Anyway, in this case, a shame because, though not in great shape and definitely not as impressive as Prasart Chrei down the road, it was a highly unusual temple and one which would have been fascinating to investigate further. Prasart Kong Phluk is set on a low rise dropping off to the east and appeared to be actually 2 adjacent, but distinct, temples connected by a short cruciform causeway of some 20 or so m. The southern of the 2 consisted of a laterite enclosure wall with 4 gopuras surrounding an odd laterite pyramid.

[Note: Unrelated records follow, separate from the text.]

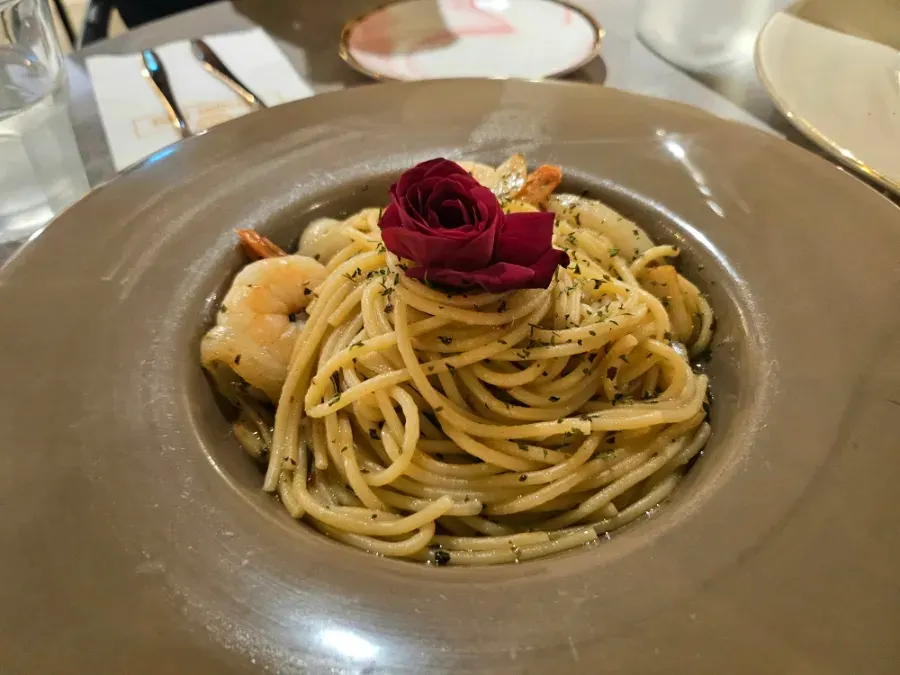 Rose aglio e olio topped with an edible rose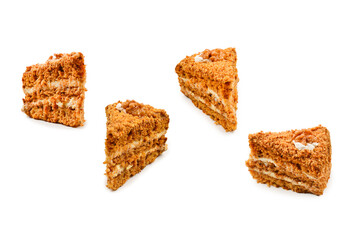 Peace of honey cake isolated on white background.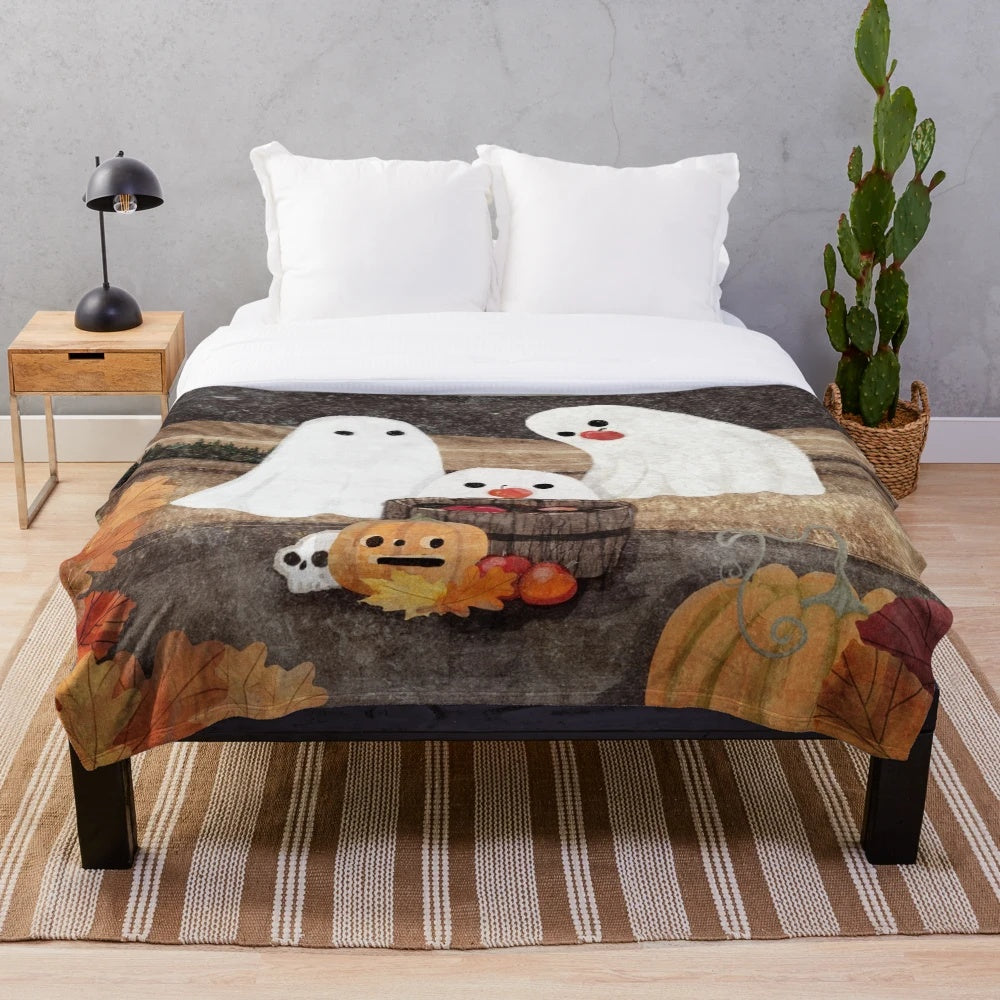 Plush blanket with ghostly apple bobbing design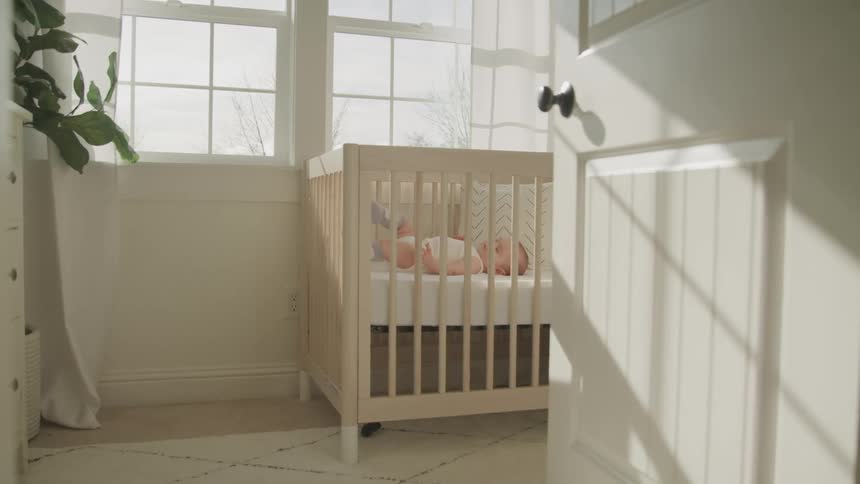 Infant moves its legs as it lays on its back in a crib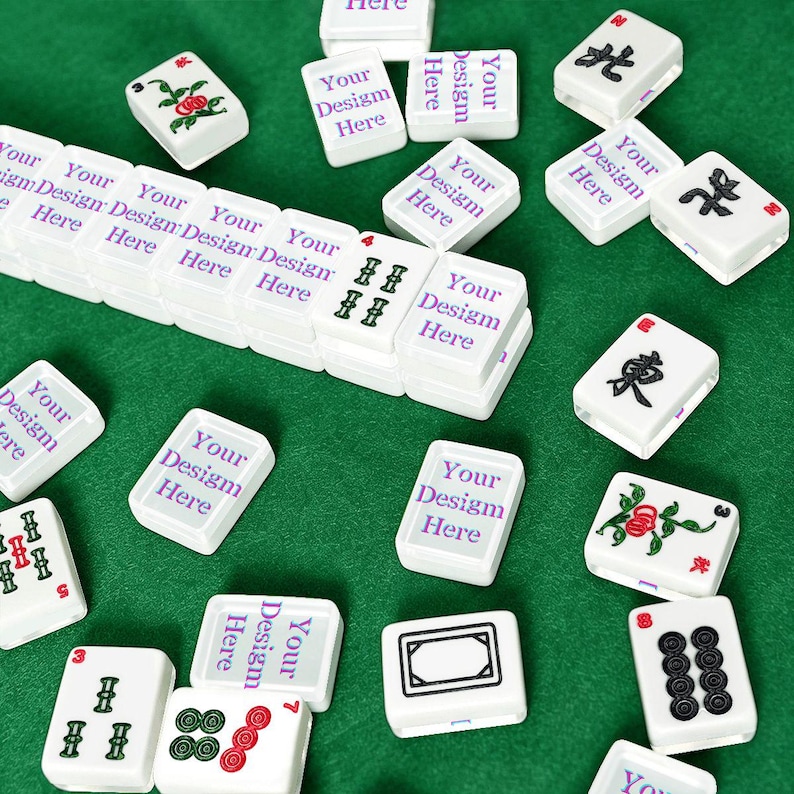 Puede incluir: Una colecci&oacute;n de fichas de mahjong rectangulares blancas esparcidas sobre una superficie verde. Varias fichas presentan el texto morado Your Design Here, mientras que otras muestran s&iacute;mbolos tradicionales en negro, rojo y verde.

The entrance gopuras to Prasart Kong Phluk were in sandstone and contained some carvings whilst the pyramid was of a very crude construction and even the steps were made of laterite although the bottom ones were covered in earth. Curiously the pyramid was actually hollow with a large opening on the east side but the central pit, for want of a better word, contained no visible rubble – so where was the pyramid’s roof or platform?

Furthermore, since the top level of the pyramid was even on all sides there can be no question it was originally higher. The east side also contained no rubble so it isn’t a solid construction hollowed out by treasure seekers but was built as a hollow 3 sided truncated pyramid. The only answer we can see was that there must have originally been a wooden platform on top? The pyramid opens east but the main entrance of the enclosure – leading onto the causeway is north so the pyramid was either built before the rest of the mini-complex or added later on top of an existing structure. The cruciform causeway is classic Suryavarman II style, as seen at Angkor Wat or Beng Melea and may well have been raised above the ground level though it is now filled with earth. (Such raised cruciform shaped entrances were popular with subsequent kings including Jayavarman VII and can be seen in even later temples such as Preah Pithu.)

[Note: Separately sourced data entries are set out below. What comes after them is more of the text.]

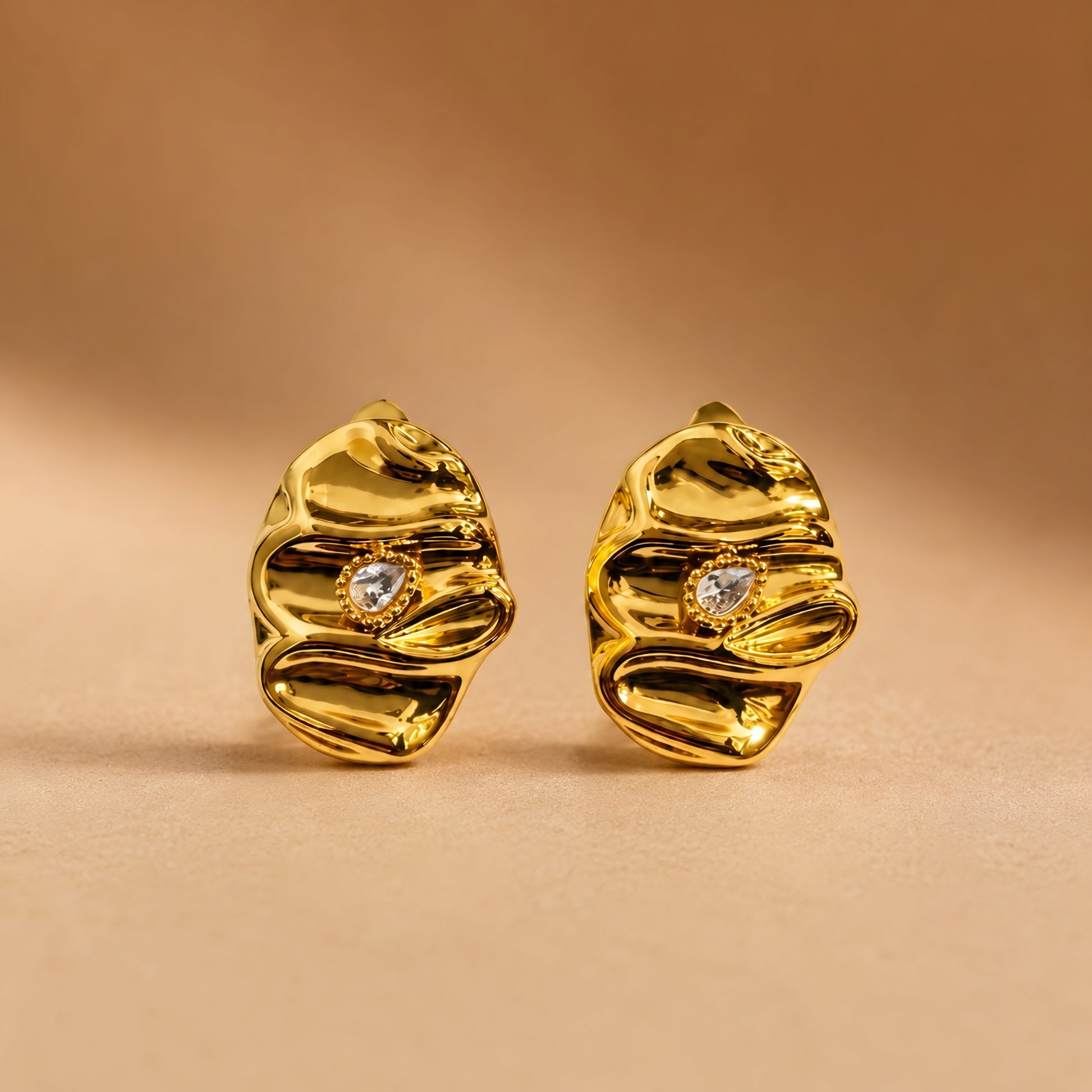 Woman wearing anti tarnish gold toned textured stud earrings with a modern crinkle design by MahanandaFJ Atelier.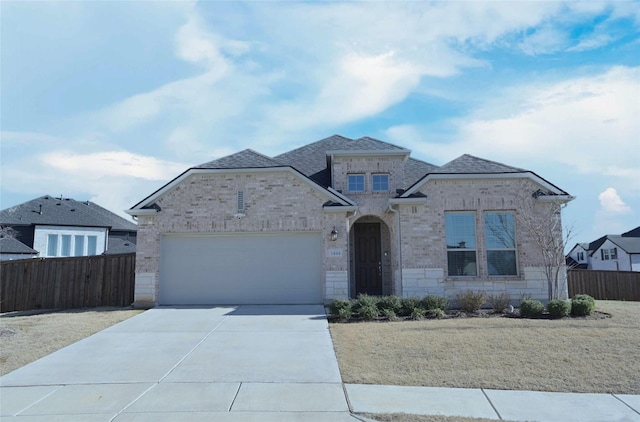 view of front of property featuring brick siding, a shingled roof, fence, a garage, and driveway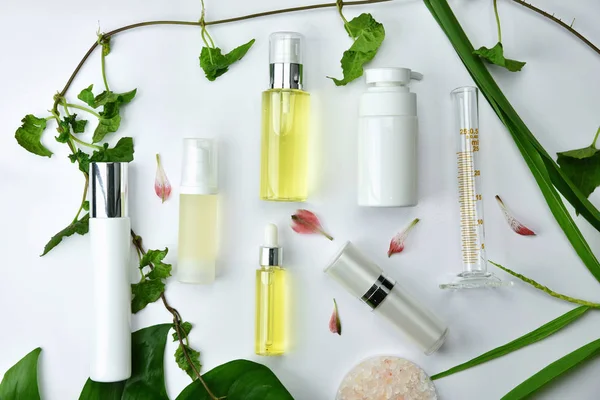 Contenitori per bottiglie cosmetiche con foglie di erbe verdi, confezione con etichetta bianca per il marchio mock-up, concetto di prodotto di bellezza biologico naturale . — Foto Stock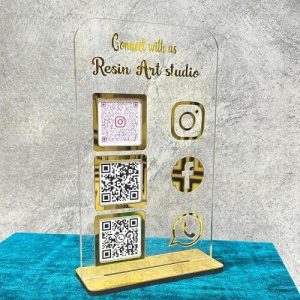 qr code stand on a jewelry counter displaying GPay and Instagram codes.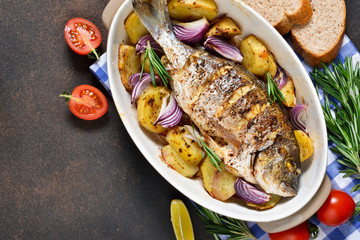 Baked dorado with Provencal herbs and potatoes.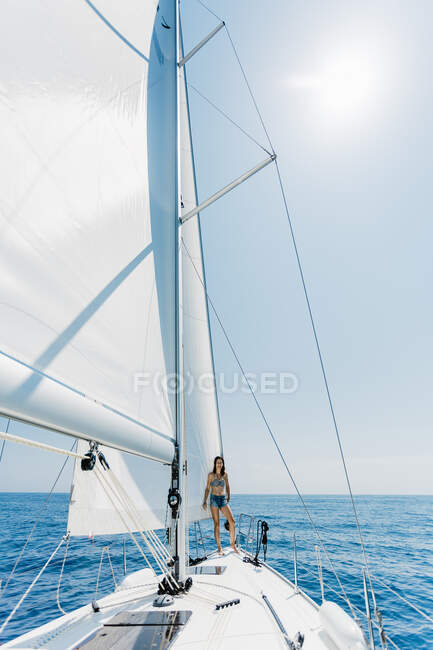 Vue latérale de la femme voyageuse portant un maillot de bain debout sur le côté du yacht en mer regardant la caméra — Photo de stock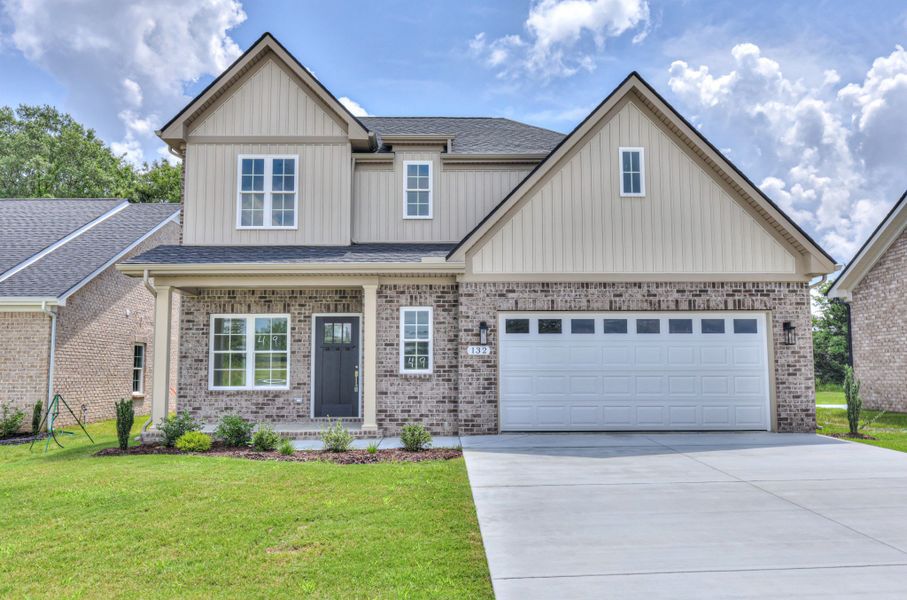 Front exterior of a new home in Legacy Preserve, Tullahoma, TN, highlighting curb appeal (Image 2). Front exterior of a new home in Legacy Preserve, Tullahoma, TN, highlighting curb appeal (Image 2).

The north end of the entranceway has a small ruined structure which may have been a southern gopura for the raised step platform behind it. From our vantage point – once we’d decided to not investigate any further – we could make out a low stepped platform – perhaps 3 levels, again dropping off to the east side. According to the map, there ought to be small central shrine on top but whatever remains of that was hard to make out. The platform was relatively wide so again, although without seeing the central shrine it’s impossible to suggest dates, it’s an odd design.

Unlike Prasart Chrei there didn’t seem to be any obvious link to or alignment with, the baray so it is possible that some of the structures pre-date Beng Melea and indeed the only other arrangement of 2 temples joined by a causeway, 1 of which contains a pyramid, that we know of is Prasart Tom and Prasart Krahom at Koh Ker. Since from at least the early 10th century a road would have connected Koh Ker to what is now the national #6 – presumably following the modern route from Koh Ker to Beng Melea to Dom Dek – the area in question, at the foot of Phnom Kulen and close to the main stone quarries, would have already been an important site.

As we said the causeway looks like classic Suryavarman II period and what one can see of the remaining carvings fit Beng Melea style but the rest – a laterite platform and pyramid are impossible to date. Though the landing stage where Beng Melea’s eastern causeway meets the baray is also a rough laterite structure using similar-sized blocks the aforementioned, apparent east alignment of said pyramid and north entrance of enclosure seems to place the odd laterite at an earlier date. Any further info on this curious temple site would be most welcome – cheers!